En el set, el naturalismo no funciona como una mera ausencia de diseño — este es un error común. Es, más bien, una decisión radical contra la intervención artística visible. Filmas la escena como si la cámara estuviera allí por casualidad, la iluminación parece luz natural (incluso si te lleva cuatro horas conseguirla), y los énfasis de la actuación se basan en el lenguaje cotidiano en lugar de la presencia escénica. La diferencia con la documentación pura: tú controlas todo, pero diseñas de forma invisible.
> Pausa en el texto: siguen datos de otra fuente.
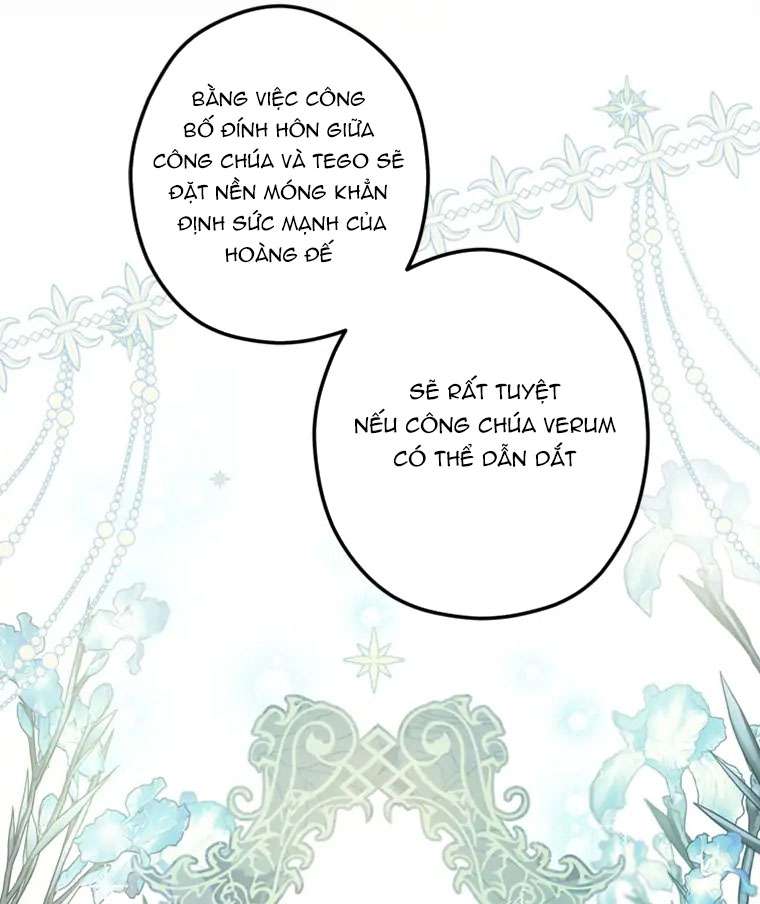 Tôi Đã Bảo Nữ Chính Đang Cải Trang Cơ Mà! Chap 20 - Trang 2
En la práctica, esto implica limitaciones concretas. En las películas naturalistas, renuncias a la iluminación cenital, a los efectos de luz de contorno (rimlight), a los tres conos de luz clásicos de la fotografía de estudio. En su lugar: luz difusa y suave que proviene de fuentes similares a ventanas o de forma amplia desde arriba, tal como estaría presente en un espacio real. La cámara se mantiene a la altura de los ojos o en una perspectiva cotidiana, sin contrapicados dramáticos, sin composiciones artísticas que distraigan al espectador. El sujeto es más importante que la forma. En los movimientos de cámara, trabajas con movimientos lentos y justificados — la cámara sigue una acción, no se mueve artísticamente por el encuadre.
En el montaje, la actitud naturalista se manifiesta a través de planos largos y transiciones mínimas. Sin cortes expresionistas, sin ritmos de montaje que generen tensión artística. El corte es funcional: muestra la acción, no la maestría del montaje. Los sonidos y la música se mantienen al mínimo — o faltan por completo. Cada sonido debe provenir de la realidad de la escena.
Esto es físicamente agotador en el día a día del set, porque la estabilidad de la ilusión es extremadamente frágil. Un reflejo de luz incorrecto en el cristal, un objeto desplazado, un movimiento demasiado coreografiado — y la ilusión de inmediatez se desmorona. Por lo tanto, necesitas más tomas, más confianza en los actores y una disciplina de equipo que proteja los detalles sutiles. Otros géneros (acción, terror) te permiten más trucos artísticos visibles; el naturalismo no perdona eso.